*Exercise objective*. Could you write out the records below exactly as they appear?

[Records contained in a dataset]
____

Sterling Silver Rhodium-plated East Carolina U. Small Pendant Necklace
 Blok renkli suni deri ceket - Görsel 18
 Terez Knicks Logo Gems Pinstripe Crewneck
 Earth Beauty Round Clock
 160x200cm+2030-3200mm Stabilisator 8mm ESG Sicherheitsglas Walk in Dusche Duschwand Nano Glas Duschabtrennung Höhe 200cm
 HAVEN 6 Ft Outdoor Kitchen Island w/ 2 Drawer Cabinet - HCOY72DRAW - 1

____

*Response to the exercise*.
Sterling Silver Rhodium-plated East Carolina U. Small Pendant Necklace
 Blok renkli suni deri ceket - Görsel 18
 Terez Knicks Logo Gems Pinstripe Crewneck
 Earth Beauty Round Clock
 160x200cm+2030-3200mm Stabilisator 8mm ESG Sicherheitsglas Walk in Dusche Duschwand Nano Glas Duschabtrennung Höhe 200cm
 HAVEN 6 Ft Outdoor Kitchen Island w/ 2 Drawer Cabinet - HCOY72DRAW - 1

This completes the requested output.